Hi, I’m building an ML application, and want to pass around a data structure that contains several scalars/arrays/vertices/matrices.
The dimension will be determined at runtime, depending on input dataset etc.
The numeric type may be determined at runtime, for performance (lower of higher precision).
And finally, the array type should be determined by system capabilities  CPU/GPU/TPU/NPU etc.
After reading the documentation online, I came up with this initial proposal, please give me all your comments on how it can/should be improved, and see list of questions below
using Flux, CUDA
import StaticArrays: MMatrix
import GPUArrays: AbstractGPUArray
struct MyGenericData{T <: AbstractArray, D <: Number, N}
x1::T
x2::T
# CPU
function MyGenericData{T, D, N}() where T <: Array where D <: Number where N
new{T, D, N}(Array{D}(rand(D, N, N)),
Array{D}(rand(D, N, N)))
end
# CUDA GPU
function MyGenericData{T, D, N}() where T <: CuArray where D <: Number where N
new{T, D, N}(cu(rand(D, N, N)), cu(rand(D, N, N)))
end
# CPU static  slow for large N
function MyGenericData{T, D, N}() where T <: MMatrix where D <: Number where N
new{T, D, N}(MMatrix{N, N, D}(rand(D, N, N)),
MMatrix{N, N, D}(rand(D, N, N)))
end
end
function logic(data::MyGenericData)
return sum(data.x1 * data.x2)
end
function logic(d1::MyGenericData, d2::MyGenericData)
return sum(d1.x1 * d2.x1)
end
d1 = MyGenericData{Array, Int32, 64}()
d2 = MyGenericData{CuArray, Int32, 64}()
r1 = logic(d1)
r2 = logic(d2)
r3 = logic(d1,d1)
r4 = logic(d2,d2)
# warning about GPU/CPU crossover
r5 = logic(d1,d2)
Some questions:

On CPU, what is the right way to hint Julia about the array size?

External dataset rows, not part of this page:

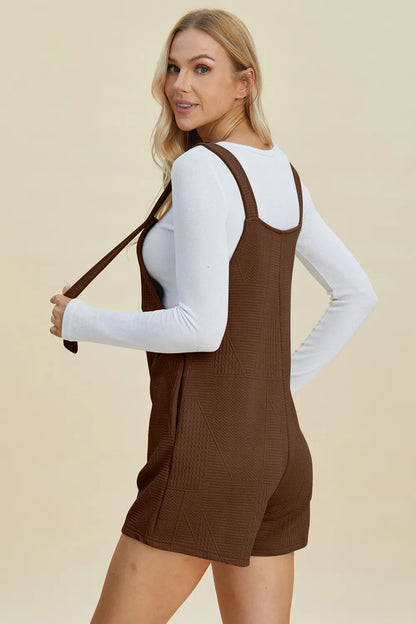 Trendsi boho sleeveless romper in brown with adjustable straps and a stylish design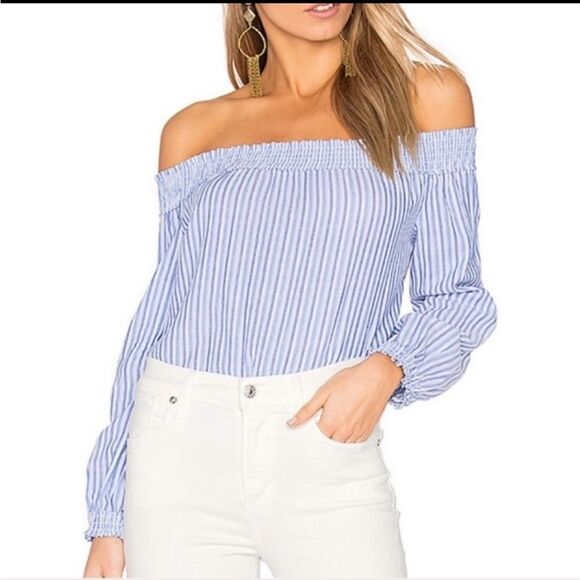 Rag & Bone Stripe Off the Shoulder Drew Top Size XS NWT - Picture 1 of 6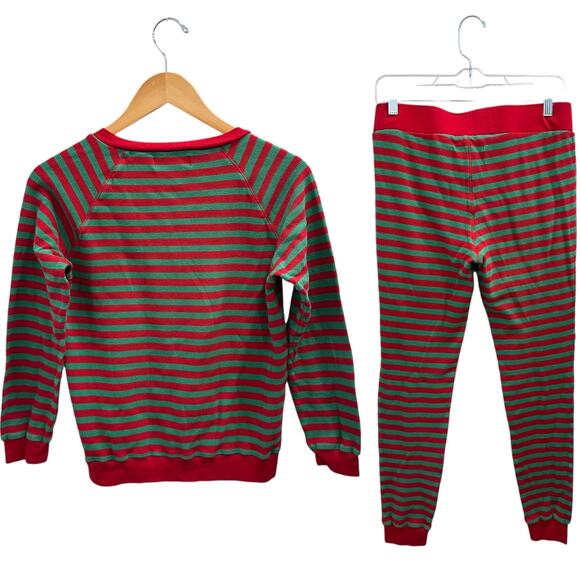 Lake Pajamas Waffle Henley Joggers Mistletoe Red Green Stripe Holiday Christmas - Picture 2 of 14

When I use StaticArrays (MMatrix), the code becomes very slow when the data is large enough, and
@code_llvm
shows that operations are rolled out percell instead of single array operation. 
For GPU, should I explicitly specify types of data like CuArray, or is it sufficient to use AbstractGPUArray to support other GPU frameworks?

How to make
logic(d1,d2)
accept only parameters both on same device? 
How to explicitly free the data from GPU instead of waiting for GC?

How to make transferring data between CPU and GPU only explicit and disallowed otherwise?

If I have more fields, like
x1,...,x20
, should I define them separately, or in an array (with elements of matrix typeT
), or add an extra dimension and store in one array? What are advantages and disadvantages for each approach, like for indexing and loop fusion? Each of these fields will be used separately for a different purpose. 
If the constructor has some shared logic (like here the
rand(D, N, N)
part), how to refactor it so the shared part are in one place? 
Could the array type be replaced by GPU boolean flag as value type? I.e.
gpu::Value{true}
. 
Are you familiar with existing projects which have a similar data structure? The examples I saw for Flux GPU are using single variables which are either on CPU or GPU, or there is a
Flux.Functors: @functor
which transfers fields recursively but is limited on what it can do. Perhaps I can extend it to support my use case?